Voici un exemple de développement possible : dans ce texte, tocqueville analyse les rapports entre la religion et la démocratie, deux notions qui semblent a priori opposées.

Il cherche à montrer que la religion peut être un remède aux dangers que l'égalité fait courir aux hommes.



- il commence par reconnaître que l'égalité "introduit de grands biens dans le monde", ce qui est une concession à ses adversaires qui pourraient voir dans la religion un obstacle au progrès.

Il admet que l'égalité est une valeur positive, qui permet aux hommes de jouir de leurs droits et de leur liberté.



- mais il ajoute aussitôt que l'égalité "suggère aux hommes des instincts fort dangereux".

Il utilise le verbe "suggérer" pour indiquer que l'égalité n'est pas la cause directe de ces instincts, mais qu'elle les favorise ou les renforce.

Il s'agit donc d'un effet pervers ou involontaire de l'égalité.

Il énumère ensuite ces instincts : l'isolement, l'égo´sme, le matérialisme.

Il montre ainsi que l'égalité peut conduire à une dégradation des liens sociaux, à une perte du sens du bien commun, et à une réduction de l'homme à ses besoins physiques.



- il oppose alors la religion à l'égalité, en affirmant que "le plus grand avantage des religions est d'inspirer des instincts tout contraires".

Il emploie le pluriel pour désigner les religions, ce qui montre qu'il ne se réfère pas à une confession particulière, mais à un phénomène général.

Il souligne ensuite les deux aspects principaux de la religion : le transcendant et le social.

D'une part, la religion "place l'objet des désirs de l'homme au-delà et au-dessus des biens de la terre", ce qui signifie qu'elle élève son âme vers un idéal supérieur, qu'il s'agisse de dieu, du salut, ou de la vérité.

D'autre part, la religion "impose à chacun des devoirs quelconques envers l'espèce humaine", ce qui signifie qu'elle le rend solidaire avec ses semblables, qu'il s'agisse de charité, de justice, ou de fraternité.

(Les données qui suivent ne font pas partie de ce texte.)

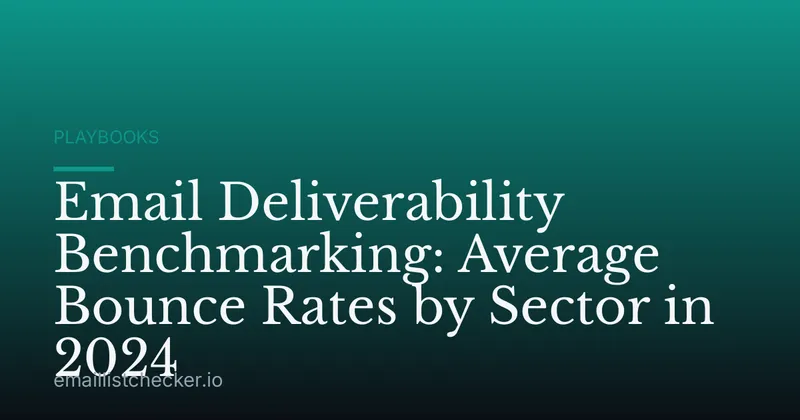 Email Deliverability Benchmarking: Average Bounce Rates by Sector in 2024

- il conclut en affirmant que "les peuples religieux sont donc naturellement forts précisément à l'endroit où les peuples démocratiques sont faibles".

Il utilise le terme de "peuple" pour désigner les sociétés humaines organisées selon un régime politique.

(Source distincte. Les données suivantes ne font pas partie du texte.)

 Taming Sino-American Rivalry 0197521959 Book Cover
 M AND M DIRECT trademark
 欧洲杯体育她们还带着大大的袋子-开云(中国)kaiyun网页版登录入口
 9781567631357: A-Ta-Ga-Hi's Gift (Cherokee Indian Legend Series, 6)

Il oppose ainsi les peuples religieux, qui ont conservé leur foi malgré les changements historiques, aux peuples démocratiques, qui ont adopté l'égalité comme principe fondateur.

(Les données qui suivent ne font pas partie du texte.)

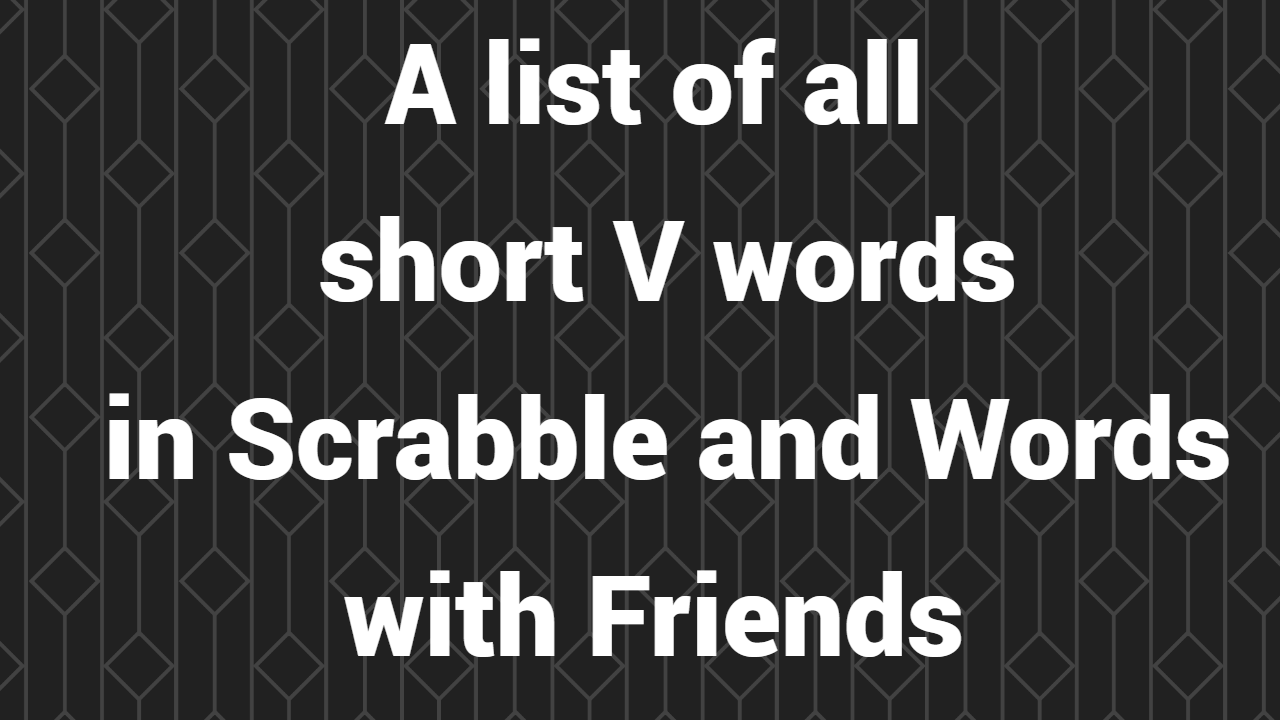 A list of all short V words in Scrabble and Words with Friends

Il montre que la religion peut compenser les faiblesses de la démocratie, en préservant les valeurs morales et spirituelles qui lui font défaut.

Il termine par une exhortation : "ce qui fait bien voir de quelle importance il est que les hommes gardent leur religion en devenant égaux".

Il s'adresse donc aux lecteurs qui vivent dans des sociétés démocratiques, et il leur conseille de ne pas abandonner leur religion sous prétexte d'égalité.

Il suggère ainsi que la religion et la démocratie ne sont pas incompatibles, mais complémentaires.